A lawyer from Gilgandra wants to give back to the region, reform the criminal justice system and reduce incarceration rates.
Human rights advocate Teela Reid said she had been strongly influenced by Indigenous women and women in the legal profession throughout her life.
“My mother was an inspiring force in my life. She was a strong resilient Aboriginal woman who raised me and my sister as a single mother. She gave us every opportunity she could for us to challenge ourselves, especially in sport she would work hard to send me everywhere. From Gilgandra, to Dubbo, Melbourne and even the United States,” Ms Reid said.
Community Legal Education in Dubbo
Her goal is to give back to the Dubbo region by conducting community legal education in schools and in the community.
Areas of law that be included are discrimination, police powers, consent, privacy, consumer, and contracts.
“Community Legal Education is only part of my job, in addition to case work, but it gives me the flexibility to be in the community and travel home,” Ms Reid said.
“I think its important work because individuals must first know their legal rights in order to exercise and enforce those rights.
“For instance, a young person who is strip searched by police must understand that police powers are limited. If police conduct their work unlawfully, there are consequences and avenues for individuals to make complaints.”
Criminal justice system
Ms Reid said she was passionate about reforming the criminal justice system because she believes the current process contributes to higher incarceration rates.
“For example, the increase of prisoners is significantly due to people being on remand, not convicted.
Ms Reid said she was a champion for JustReinvest NSW which is a model designed to divert resources from the criminal justice system into the community.
“The cost to lock someone is exponentially more than it cost to rehabilitate them,” she said.
“The community of Bourke is currently leading Australia on implementing the JustReinvest which is a model developed in the United States.
“One of the purposes of sentencing is rehabilitation, however governments tend to focus resources on deterrence which doesn’t address the underlying causes of criminal behaviour.
“It doesn’t address the fact that communities are over policed or if drugs are a factor contributing to offending.
“Locking someone up does not address their substance misuse issue or other health related problems.
Ms Reid said the diversion of resources into rehabilitation was important if “we are serious not only about being tough on crime” and the purpose of sentencing.
“Whether that be to deter them, rehabilitate them or impose an adequate punishment.
“It is time NSW got serious about filtering resources to rehabilitation, which is why I am a passionate advocate for a rehabilitating centre in Dubbo that would service the entire region.
“The unfortunate reality is that NSW has spent $3.8 billion into building more prisons, the same attention should be given to establishing rehabilitation services and empowering communities to develop diversionary options.

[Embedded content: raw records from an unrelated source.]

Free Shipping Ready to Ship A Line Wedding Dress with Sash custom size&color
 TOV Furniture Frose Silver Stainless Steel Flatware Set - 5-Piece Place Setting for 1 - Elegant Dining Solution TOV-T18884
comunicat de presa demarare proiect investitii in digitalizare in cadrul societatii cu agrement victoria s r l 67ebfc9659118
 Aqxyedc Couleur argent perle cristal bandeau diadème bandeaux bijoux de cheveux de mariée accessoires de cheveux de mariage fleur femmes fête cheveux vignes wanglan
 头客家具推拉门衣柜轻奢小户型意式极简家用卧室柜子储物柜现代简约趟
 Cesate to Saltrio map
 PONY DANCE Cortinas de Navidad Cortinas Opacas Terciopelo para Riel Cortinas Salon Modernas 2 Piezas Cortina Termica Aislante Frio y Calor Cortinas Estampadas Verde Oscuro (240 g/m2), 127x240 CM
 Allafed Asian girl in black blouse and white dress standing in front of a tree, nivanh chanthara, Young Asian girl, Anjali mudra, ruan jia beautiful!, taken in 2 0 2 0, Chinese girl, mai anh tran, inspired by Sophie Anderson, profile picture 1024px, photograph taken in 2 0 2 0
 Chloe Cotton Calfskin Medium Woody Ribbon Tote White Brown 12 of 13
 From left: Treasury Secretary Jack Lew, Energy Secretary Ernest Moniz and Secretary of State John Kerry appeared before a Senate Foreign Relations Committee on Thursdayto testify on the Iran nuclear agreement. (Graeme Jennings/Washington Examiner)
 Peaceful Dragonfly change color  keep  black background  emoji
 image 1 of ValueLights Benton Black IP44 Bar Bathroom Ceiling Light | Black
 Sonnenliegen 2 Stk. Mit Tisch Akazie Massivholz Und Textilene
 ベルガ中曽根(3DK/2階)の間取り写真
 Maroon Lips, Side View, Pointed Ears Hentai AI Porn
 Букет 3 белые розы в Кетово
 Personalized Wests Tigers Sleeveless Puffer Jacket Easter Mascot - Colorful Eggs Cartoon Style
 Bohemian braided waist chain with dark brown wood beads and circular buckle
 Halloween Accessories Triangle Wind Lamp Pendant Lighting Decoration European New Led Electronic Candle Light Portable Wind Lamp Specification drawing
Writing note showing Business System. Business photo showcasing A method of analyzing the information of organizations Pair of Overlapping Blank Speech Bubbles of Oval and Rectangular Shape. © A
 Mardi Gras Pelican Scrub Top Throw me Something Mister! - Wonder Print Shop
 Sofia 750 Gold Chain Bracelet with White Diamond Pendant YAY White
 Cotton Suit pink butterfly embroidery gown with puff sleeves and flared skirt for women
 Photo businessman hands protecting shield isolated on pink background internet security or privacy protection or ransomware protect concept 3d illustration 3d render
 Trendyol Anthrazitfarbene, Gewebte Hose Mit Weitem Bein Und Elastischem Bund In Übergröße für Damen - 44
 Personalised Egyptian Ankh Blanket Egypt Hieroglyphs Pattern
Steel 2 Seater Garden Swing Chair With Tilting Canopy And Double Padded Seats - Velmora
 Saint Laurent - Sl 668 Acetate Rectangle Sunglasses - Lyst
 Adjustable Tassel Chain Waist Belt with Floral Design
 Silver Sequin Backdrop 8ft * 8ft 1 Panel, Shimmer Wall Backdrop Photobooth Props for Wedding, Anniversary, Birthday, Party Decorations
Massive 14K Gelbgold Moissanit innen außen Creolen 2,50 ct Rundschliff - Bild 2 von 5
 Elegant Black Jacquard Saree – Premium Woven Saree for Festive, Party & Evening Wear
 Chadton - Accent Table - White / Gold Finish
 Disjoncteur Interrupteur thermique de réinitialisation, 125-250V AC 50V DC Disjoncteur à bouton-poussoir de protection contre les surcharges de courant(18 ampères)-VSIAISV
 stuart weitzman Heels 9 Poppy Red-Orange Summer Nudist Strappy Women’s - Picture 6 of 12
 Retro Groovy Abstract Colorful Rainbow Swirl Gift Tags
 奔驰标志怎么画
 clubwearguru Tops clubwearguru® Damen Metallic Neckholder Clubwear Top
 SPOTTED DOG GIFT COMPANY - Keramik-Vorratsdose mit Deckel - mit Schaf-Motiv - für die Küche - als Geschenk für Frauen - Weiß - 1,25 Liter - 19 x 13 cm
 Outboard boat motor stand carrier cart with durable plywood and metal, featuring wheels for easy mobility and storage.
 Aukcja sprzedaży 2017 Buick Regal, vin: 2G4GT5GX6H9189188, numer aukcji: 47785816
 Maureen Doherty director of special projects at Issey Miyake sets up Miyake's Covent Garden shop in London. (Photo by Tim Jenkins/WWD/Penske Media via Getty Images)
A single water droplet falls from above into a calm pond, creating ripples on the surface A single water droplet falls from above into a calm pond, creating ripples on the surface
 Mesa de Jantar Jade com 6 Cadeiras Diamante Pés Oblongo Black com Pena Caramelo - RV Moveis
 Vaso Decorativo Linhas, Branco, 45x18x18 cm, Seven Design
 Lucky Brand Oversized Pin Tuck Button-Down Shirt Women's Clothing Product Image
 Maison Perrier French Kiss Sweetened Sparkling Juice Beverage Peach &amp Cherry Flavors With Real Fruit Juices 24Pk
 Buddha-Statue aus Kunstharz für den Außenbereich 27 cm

Evidence shows that it is cheaper for the tax payer to keep someone in the community, rather than send them to prison.”
Ms Reid said she recognised the occasions where incarceration was necessary but for the majority of offenders they are in prison because they have been refused bail, or waiting for sentencing for minor offences.
“This is an unjust system and it needs to be reformed,” she said.
For example the most highly incarcerated cohort in Australia is Aboriginal women - this is an indictment on our nation and ironic given that NAIDOC 2018 is suppose to celebrate the contributions First Nations women make to our society, but how can this be celebrated when they criminal justice system continues to lock us up.
Because of Her, We Can: NAIDOC 2018
In line with the 2018 official NAIDOC theme, ‘Because of Her, We Can’ Ms Reid said had been influenced by a number of strong women.
“I was raised by many powerful Aboriginal women who have shaped my life; my mother, my cousin Cynthia Rutherford and my aunties.
“I have also been fortunate to have a strong network of women in the legal profession, although not Indigenous, they have shaped me as a lawyer.
“In particular, Justice Lucy McCallum whom I worked for and Sophia Beckett who is the Deputy Senior Public Defender of NSW.
Ms Reid said her personal motto was “there’s no short-cut to a place worth going” which is why she was working towards a five to 10 year plan.
“I am not sure where my legal career will take me, right now I am focusing on developing my legal skills and knowledge.
“I think it’s important for any young person, no matter what career they are pursuing to plan and visualise where they would like to see themselves and the impact they seek to make on the world.”